A particular challenge through this period has been that many of the cattle and meat market indicators, patterns and relationships have behaved contrary to what one would typically expect, leaving producers and analysts at a loss to understand and anticipate market movements.
Recently, however, there are number of indications cattle markets may be returning to “normal.” After the worst year ever in 2015, feedlot margins are moving back to levels will lead to positive returns for feedlots.
“This process is not complete and will likely continue through the next few months,” Peel said. “Within feeder cattle markets, the margins or value of gain across weights recently adjusted to reflect feedlot cost of gain.”
The value of gain calculates to the 70 cent to 80 cent per pound range in the past couple of weeks, suggesting that feedlots are pricing feeder cattle in a manner that reflects equilibrium across weights.
“This is the first time in many months that the value of gain in feeder prices is consistent with broader cattle market conditions,” Peel said. “On a very different note, wholesale beef markets appear to be returning to patterns not seen for many months.”
Thus far in 2016, middle meats are advancing or holding value relative to weaker-end meats.
“This long-term tendency for middle meats to be the strongest part of carcass value has been reversed much of the time in recent years, going all the way back to the recession in 2009,” Peel said.

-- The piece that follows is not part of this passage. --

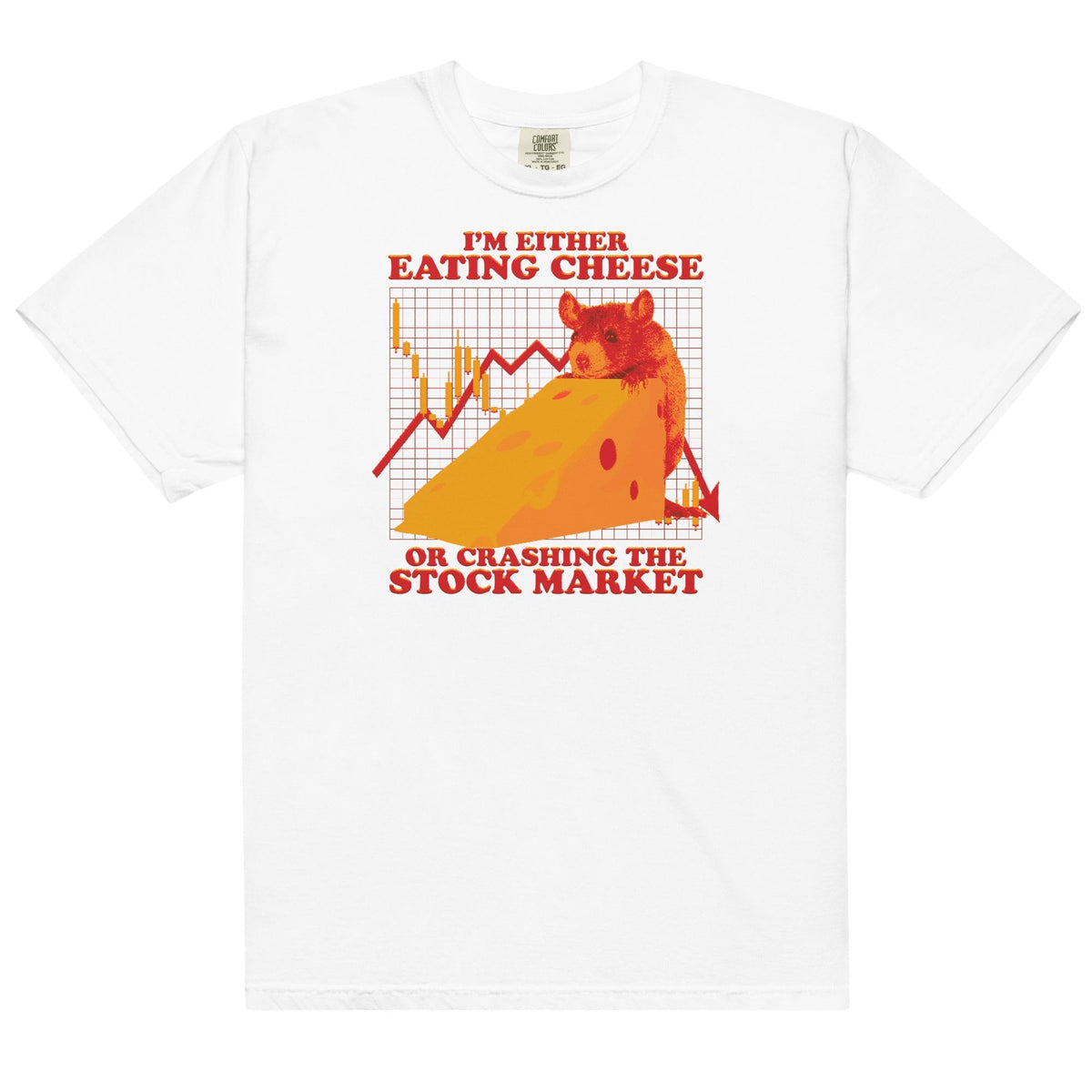 Eating Cheese or Crashing the Stock Market Unisex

Retail beef prices peaked in mid-2015 and are working lower as beef production begins to grow. Similarly, the ratio of retail beef prices to pork and poultry prices pushed to unprecedented levels during the past two years and has now peaked. Prices seem to be adjusting back to more typical levels.
“The retail meat price ratios have been an impressive indication of strong beef demand,” Peel said. “However, the fact retail price ratios are returning to more typical levels is an indication of more relative stability in meat markets.”
Finally, perhaps the most obvious sign of relative stability is the fact that feeder and fed cattle and beef markets are exhibiting mostly seasonal behavior to date through 2016. Dramatic price trends, both up and down over the past couple years, have overshadowed seasonal market tendencies.
“While cattle and beef markets will no doubt continue to experience volatility, especially related to external macroeconomic and global uncertainty, it is encouraging that many of the internal market indicators are swinging back to more typical levels,” Peel said. “Cattle and beef prices are expected to trend lower over the coming months.”